5.6. Het standpunt van belanghebbende houdt in dat de hiervoor bedoelde kans zodanig was, dat een waardering van de uit de realisatie daarvan voortvloeiende verplichtingen voor D op ten minste ƒ 282.000,-- reëel is. In dat verband heeft belanghebbende aangevoerd dat D ten tijde van de verkrijging van de F-aandelen regelmatig ziek was en dat zijn zonen niet geschikt waren hem op te volgen. Naar het oordeel van het Hof is belanghebbende er echter, tegenover de betwisting van zijn standpunt door de inspecteur, niet in geslaagd aannemelijk te maken dat de voor D uit de onder 2.7 en 2.8 weergegeven overeenkomst voortvloeiende verplichtingen ten minste op ƒ 282.000,-- dienen te worden gewaardeerd.
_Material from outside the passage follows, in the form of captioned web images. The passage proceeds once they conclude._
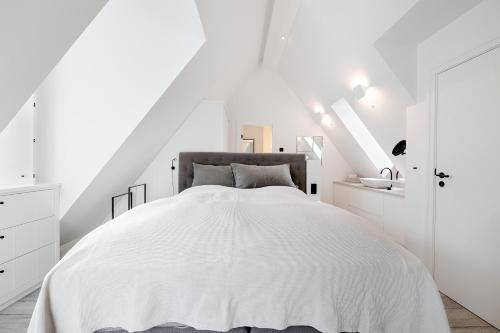 een witte slaapkamer met een groot bed met witte muren bij Sylter Strandholz in Westerland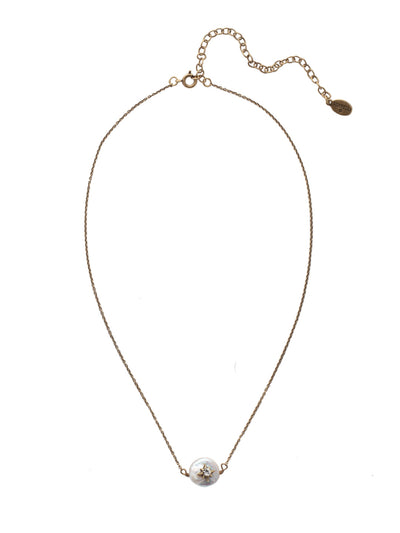 Estella Pendant Necklace - NEV104AGMDP - <p>A single freshwater pearl hosts a metallic star embellished with sparkling crystals. These delicate details sit at the base of a thin adjustable chain, secured with a spring ring clasp. From Sorrelli's Modern Pearl collection in our Antique Gold-tone finish.</p>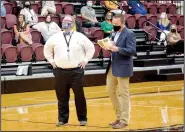  ?? (NWA Democrat-Gazette/Marc Hayot) ?? Middle School Principal Jacob Hayward (left) ponders a question asked by Jimmy Allen on Wednesday during a round of “Are You Smarter than A Fifth Grader?” during the Back to School Breakfast at Siloam Springs High School.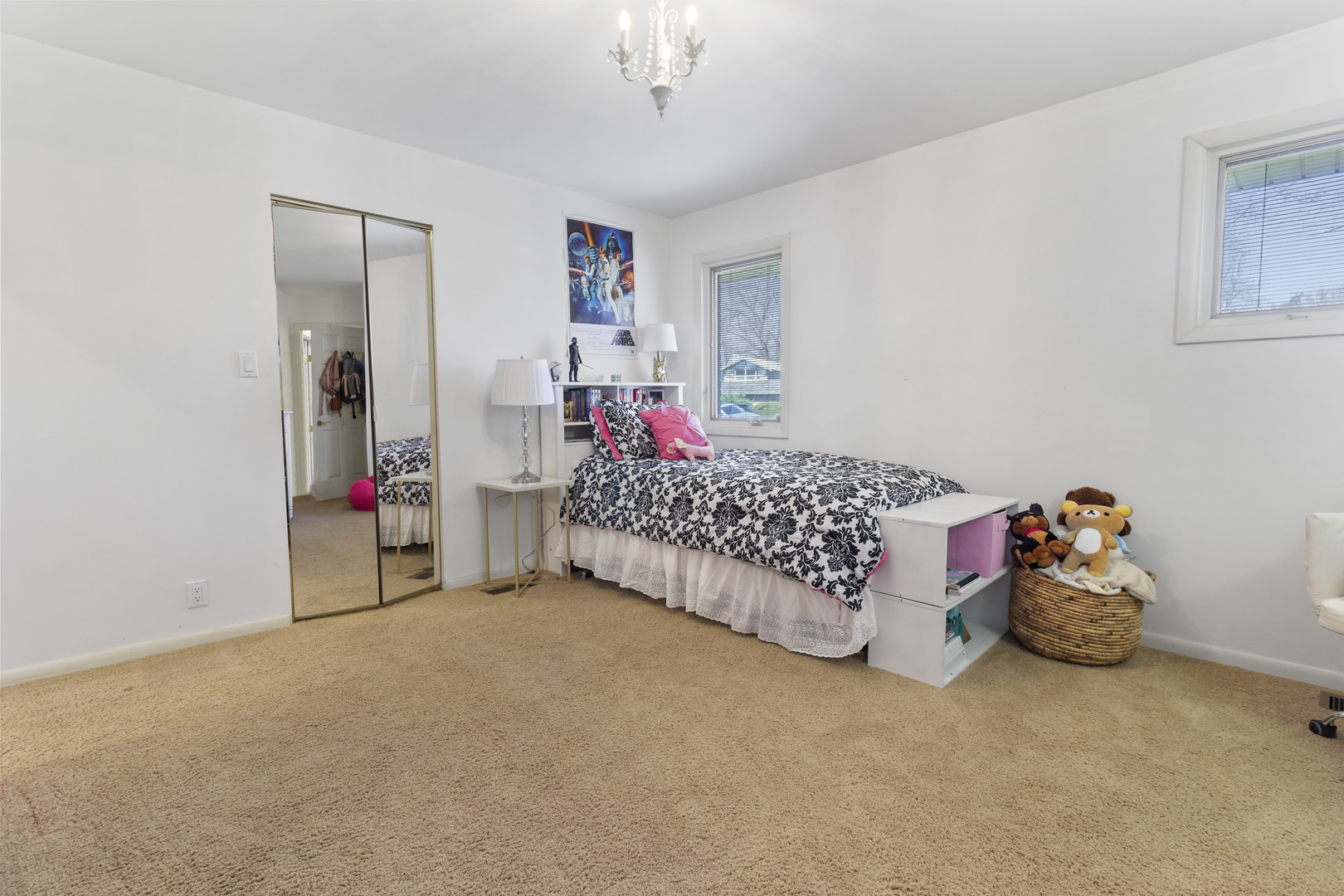45 Greencroft Drive Champaign, IL 61821 - Photo 17 of 26 a bed room with a bed and a chandelier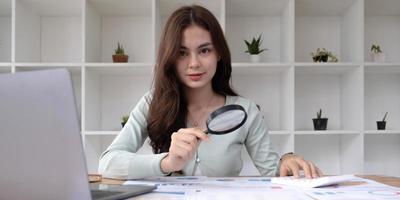 Tax inspector and financial auditor looking through magnifying glass, inspecting company financial papers, documents and reports photo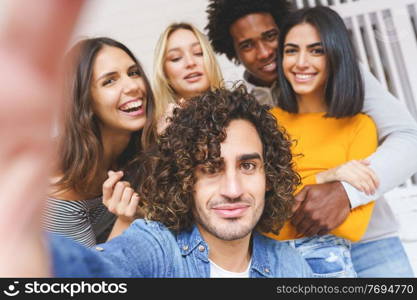 Multi-ethnic group of friends taking a selfie together while having fun in the street. Arab man with afro hair in the foreground.. Multi-ethnic group of friends taking a selfie together while having fun outdoors.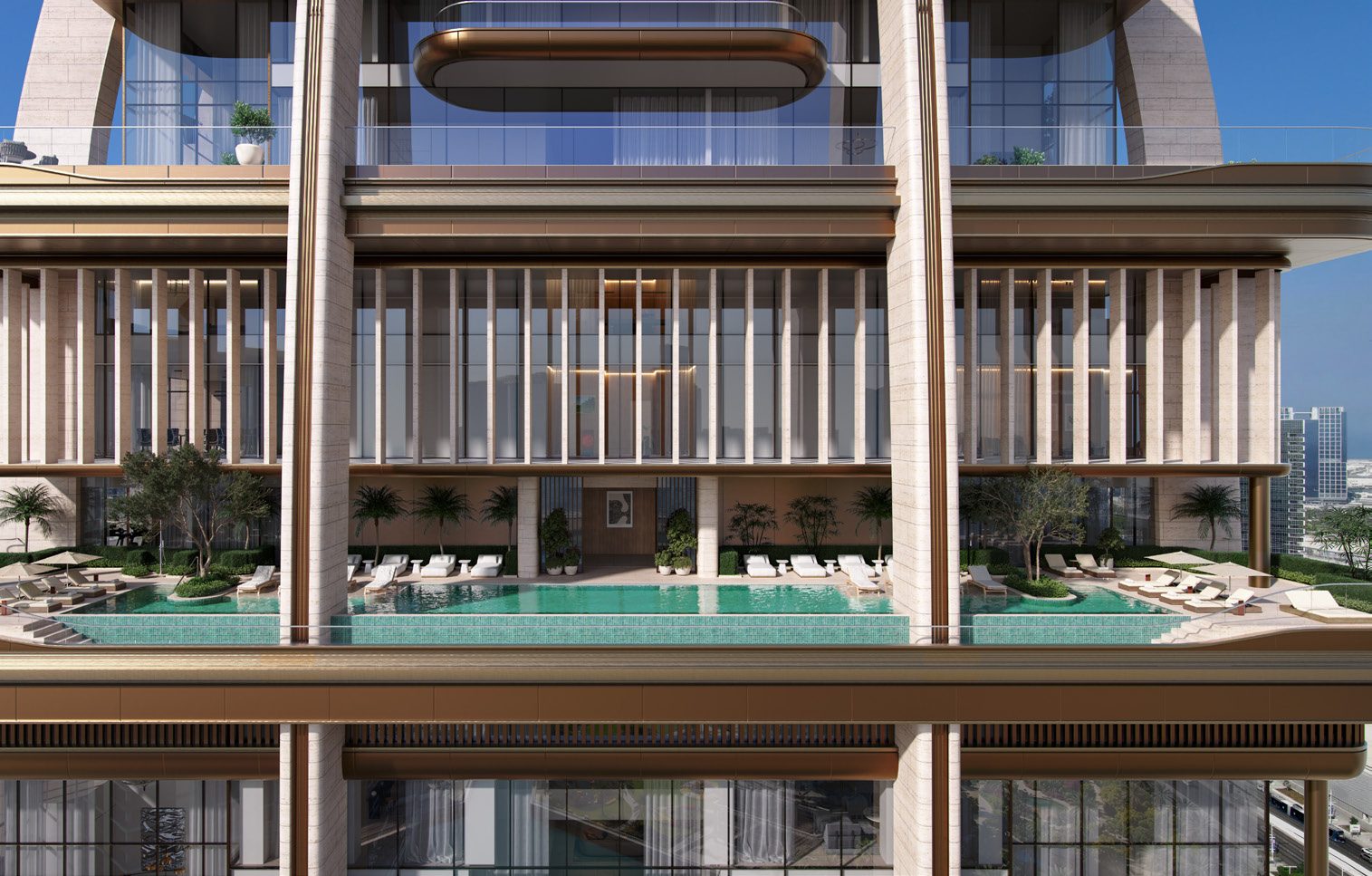 The outdoor pool deck with cabanas and loungers at the foot of the tower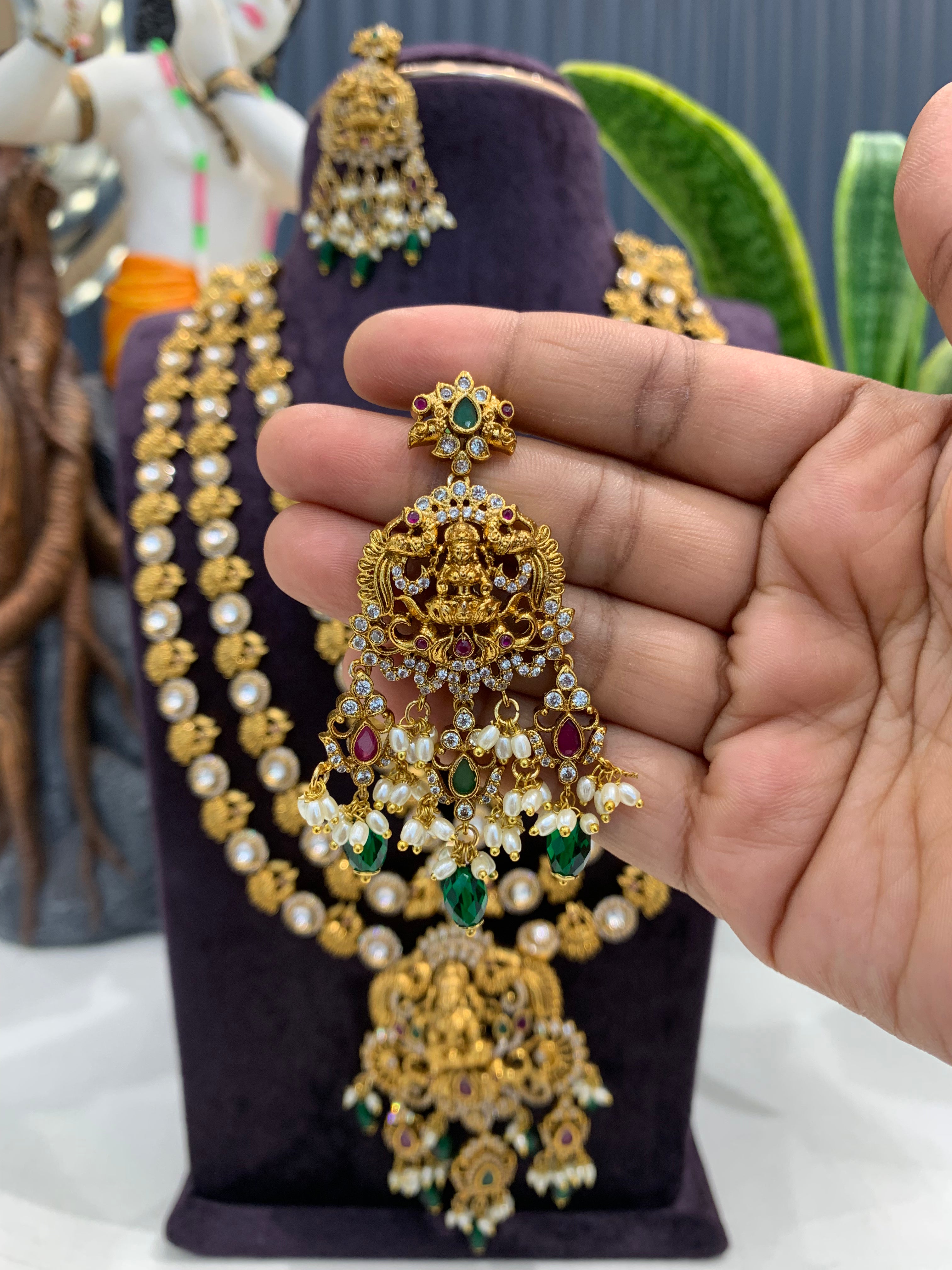 Beautiful Lakshmi devi & CZ stones 3 layers long haram with screwback ear hangings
Het verband tussen de (on)geschiktheid van de zonen van D en zijn regelmatig ziek zijn enerzijds en de mogelijke verkoop van de aandelen in Dd B.V., K B.V. dan wel G B.V., acht het Hof op zichzelf te vaag en te algemeen om daaraan de door belanghebbende gestelde conclusie te verbinden met betrekking tot de verkrijgingsprijs van de ‘F-aandelen’. Zo heeft de inspecteur er op gewezen dat voortzetting van de ondernemingen van genoemde vennootschappen niet uitsluitend van D en van zijn zonen afhankelijk behoefde te zijn. Evenmin heeft belanghebbende voldoende aannemelijk gemaakt dat vervreemding van de aandelen in K B.V. dan wel G B.V. tot verplichtingen van D jegens F N.V. zou leiden, aangezien evenbedoelde werkmaatschappijen werden gehouden door Dd B.V. Dat door D een verplichting van Dd B.V. werd beleefd als een verplichting van hemzelf, zoals belanghebbende nader door M als getuige heeft willen laten toelichten, doet aan het voorgaande niet af. Het Hof acht het dan ook niet nodig om M als getuige te horen. Belanghebbende heeft ook geen stukken overgelegd of anderszins bewijs aangevoerd waaruit aannemelijk wordt dat D ten tijde van de verkrijging van de ‘F-aandelen’ daadwerkelijk voornemens is geweest om de aandelen in Dd B.V. te vervreemden, dan wel dat ten tijde van de verkrijging van de ‘F-aandelen’ kon worden verwacht dat de vervreemding van Dd BV op een zodanige termijn zou worden gerealiseerd dat daaruit een verplichting voor D zou voortvloeien waarvan de contante waarde, beoordeeld naar het moment van verkrijging van de ‘F-aandelen’, groter was dan
ƒ 282.000,--. Evenmin is aannemelijk gemaakt dat alleen de opvolging door een zoon de winstgevendheid van de onderwerpelijke vennootschappen van D op peil zou kunnen houden. Het is dan ook niet van doorslaggevend belang in hoeverre de zoon van D incapabel was hem later op te volgen.
.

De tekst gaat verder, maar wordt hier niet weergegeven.